[proofplan]
Apply dyadic bar compactness to the decidable bar $B$. This gives a level $N$ at which every depth-$N$ dyadic interval has an initial segment already certified by a finite witness set. There are only finitely many words of length $N$, so the union of their witness sets is finite. The depth-$N$ dyadic intervals cover $[a,b]$, and each one is contained in its certified ancestor interval, so the union of the corresponding finite families covers all of $[a,b]$.
[/proofplan]
[step:Apply dyadic bar compactness]
The predicate $B$ is decidable by hypothesis, and the same hypothesis says that $B$ is a bar on the binary tree. The dyadic bar compactness principle therefore gives a natural number $N$ such that every word $t \in 2^N$ has an initial segment $s \preceq t$ with $B(s)$.
[guided]
The theorem assumes that $B \subseteq 2^{<\mathbb{N}}$ is decidable and that every infinite binary sequence has an initial segment $s$ satisfying $B(s)$. Applying dyadic bar compactness to this decidable bar gives one number $N$ with the following uniform property: for every word $t \in 2^N$, some prefix $s \preceq t$ satisfies $B(s)$.
[/guided]
[/step]
[step:Choose certified ancestors at the uniform level]
Fix a word $t \in 2^N$. Among the finitely many prefixes of $t$, search in increasing length until the first prefix $s_t$ with $B(s_t)$ is found. This search terminates because the previous step gives at least one such prefix, and it is effective because $B$ is decidable. Since $s_t \preceq t$, the depth-$N$ interval satisfies $I_t \subseteq I_{s_t}$.
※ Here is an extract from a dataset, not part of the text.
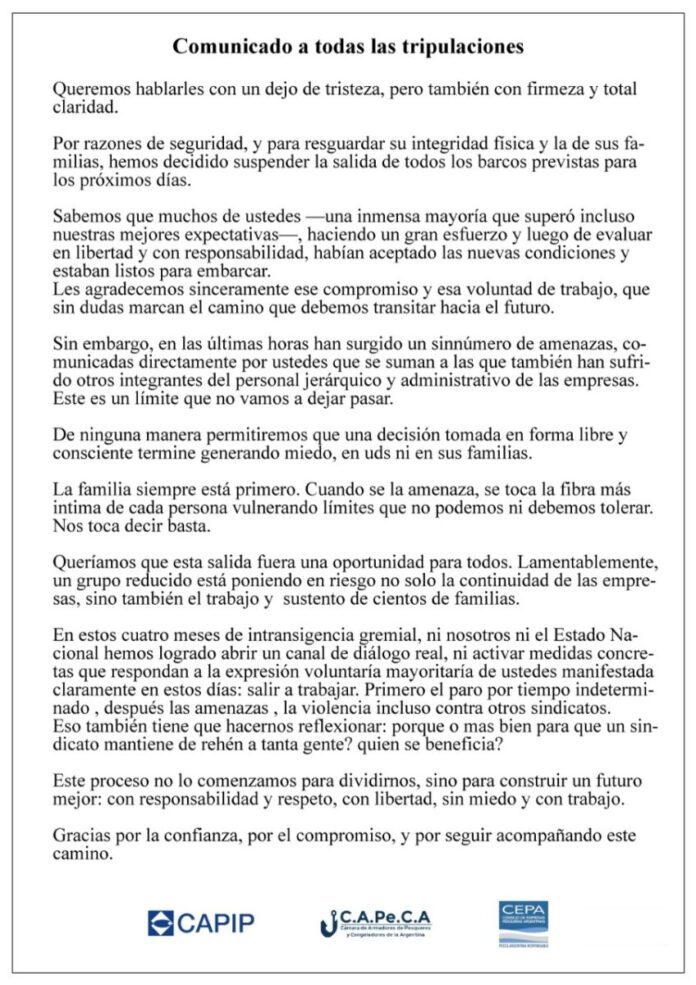 empresarios suspenden la salida de barcos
By the witness-data hypothesis, $B(s_t)$ supplies a finite set $F_{s_t} \subseteq I$ such that $(U_i)_{i \in F_{s_t}}$ covers $I_{s_t}$. Hence the same finite family covers $I_t$.
[guided]
For each fixed $t \in 2^N$, its prefixes form the finite list of words of lengths $0,\ldots,N$. Since $B$ is decidable and at least one prefix satisfies $B$, a finite search chooses a first such prefix $s_t \preceq t$. The inclusion $s_t \preceq t$ gives $I_t \subseteq I_{s_t}$. The witness data attached to $B(s_t)$ gives a finite set $F_{s_t} \subseteq I$ whose family $(U_i)_{i \in F_{s_t}}$ covers $I_{s_t}$, hence also covers $I_t$.
[/guided]
[/step]
[step:Assemble one finite subcover]
There are finitely many binary words of length $N$. Define
\begin{align*}
F = \bigcup_{t \in 2^N} F_{s_t}.
\end{align*}
This is a finite subset of $I$, because it is a finite union of finite subsets of $I$.
The level-$N$ dyadic intervals cover the original interval:
\begin{align*}
[a,b] = \bigcup_{t \in 2^N} I_t.
\end{align*}
Let $x \in [a,b]$. Choose a word $t \in 2^N$ with $x \in I_t$. The previous step shows that $(U_i)_{i \in F_{s_t}}$ covers $I_t$, so $x \in U_i$ for some $i \in F_{s_t}$. Since $F_{s_t} \subseteq F$, the point $x$ lies in a member of $(U_i)_{i \in F}$.
[guided]
The set $2^N$ of binary words of length $N$ is finite, and each $F_{s_t}$ is finite, so $F=\bigcup_{t \in 2^N} F_{s_t}$ is finite. Since $[a,b]=\bigcup_{t \in 2^N} I_t$, every $x \in [a,b]$ lies in some $I_t$. For that $t$, the family $(U_i)_{i \in F_{s_t}}$ covers $I_t$, so $x \in U_i$ for some $i \in F_{s_t} \subseteq F$. Therefore $(U_i)_{i \in F}$ covers every point of $[a,b]$.
[/guided]
[/step]
[step:Conclude Heine-Borel compactness]
The finite set $F \subseteq I$ constructed above has the property that every $x \in [a,b]$ lies in some $U_i$ with $i \in F$. Therefore $(U_i)_{i \in F}$ is a finite subcover of $[a,b]$, as required.